Automation and response
Linux runtime threat detection tools should feature automations to notify you about alerts in your tool of choice. You should expect fast, detailed notifications to the programs you use to manage your security alerts and response.
First, set up your automations to notify one or more notification platforms you use to manage incidents today. This can include communication software like Slack or Teams, monitoring software such as PagerDuty, or traditional phone and email. The specific programs to test depend on your existing incident response process.
Once configured, kick off a test detection in the runtime threat detection tool you are evaluating. The runtime threat detection tool should rapidly provide a notification to your selected notification and monitoring tools with enough information to understand the threat. If your runtime threat detection tool offers the ability to cascade notifications to multiple destinations or require approval before communications are sent out, you should also test that these functions work as expected.

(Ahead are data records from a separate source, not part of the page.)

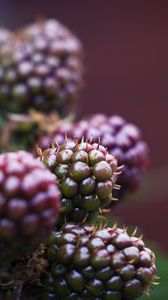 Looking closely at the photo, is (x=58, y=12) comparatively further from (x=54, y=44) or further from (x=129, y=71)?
(x=54, y=44)

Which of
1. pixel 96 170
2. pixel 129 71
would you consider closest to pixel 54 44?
pixel 96 170

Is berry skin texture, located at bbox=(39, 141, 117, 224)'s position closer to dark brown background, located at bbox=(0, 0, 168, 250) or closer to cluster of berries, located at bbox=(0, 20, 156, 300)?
cluster of berries, located at bbox=(0, 20, 156, 300)

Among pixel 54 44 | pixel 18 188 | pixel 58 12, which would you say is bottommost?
pixel 18 188

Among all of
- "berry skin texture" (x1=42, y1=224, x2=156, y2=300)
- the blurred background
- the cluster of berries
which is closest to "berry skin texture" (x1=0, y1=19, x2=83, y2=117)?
the cluster of berries

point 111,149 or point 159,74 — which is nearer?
point 111,149

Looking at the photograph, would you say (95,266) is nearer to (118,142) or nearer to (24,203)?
(24,203)

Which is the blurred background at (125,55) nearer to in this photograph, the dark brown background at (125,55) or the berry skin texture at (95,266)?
the dark brown background at (125,55)

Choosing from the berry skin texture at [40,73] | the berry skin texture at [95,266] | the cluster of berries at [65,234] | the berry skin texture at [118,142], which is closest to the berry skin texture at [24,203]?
the cluster of berries at [65,234]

Some runtime threat detection tools offer automated response and remediation, with capabilities such as isolating a workload or moving it to another security group. If present, you should also validate that these automated functions work as expected. Since every server and environment is different, these features may lead to unexpected behavior, bring down critical applications, or they might not work at all with your configuration. Generally, when managing cloud or production environments, you should be cautious about what response and remediation features do and how they impact your stability and uptime. Consider manual response to a threat if you have infrastructure that cannot be automatically isolated or reimaged without significant impact.

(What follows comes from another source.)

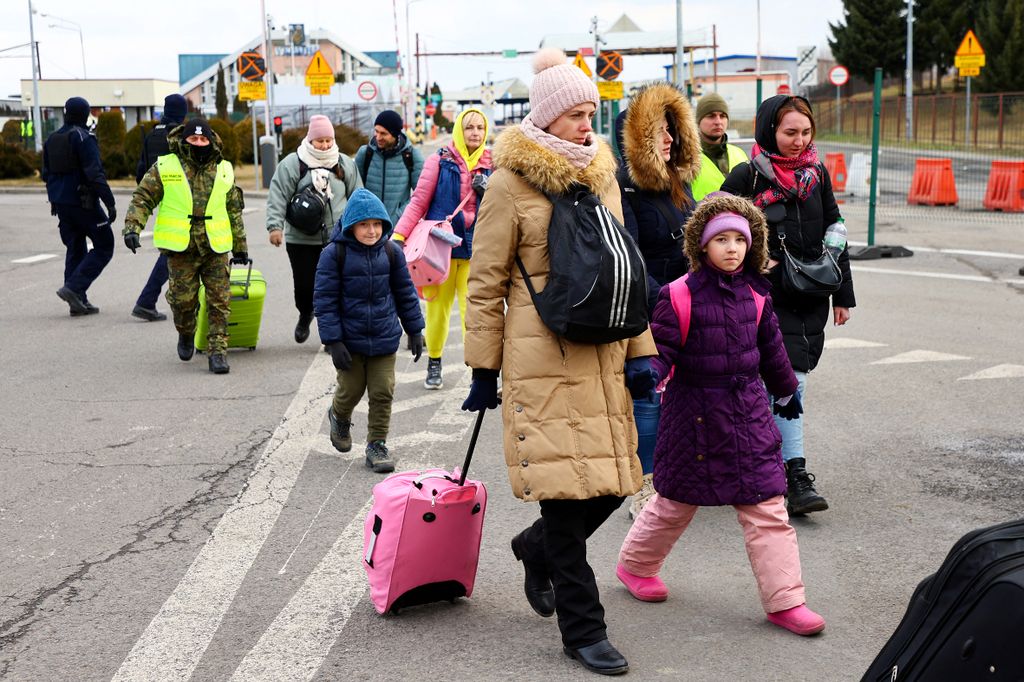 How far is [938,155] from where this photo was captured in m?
34.6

Be cautious about what response and remediation features do and how they impact your stability and uptime.
The last test you should consider is the most often overlooked: the human effort that goes into managing your runtime threat detection tool. Every program you add requires that someone pay attention to it. From testing and procurement across day-to-day usage, runtime threat detection tools add another job for your team to do.
The last test
As part of your testing framework, consider how much time someone will have to invest to manage the solution you are evaluating. Ask questions such as “does this fit into our existing security workflow” or “does this reduce or add complexity to someone’s job” to figure out how to align the new solution to your existing team. Some runtime threat detection tools may require new hires, but can offer a significant improvement to your security posture. Others may add complexity with limited return. Know before you buy—discovering that you need a new hire or are spending significant time managing a solution is not a good security outcome.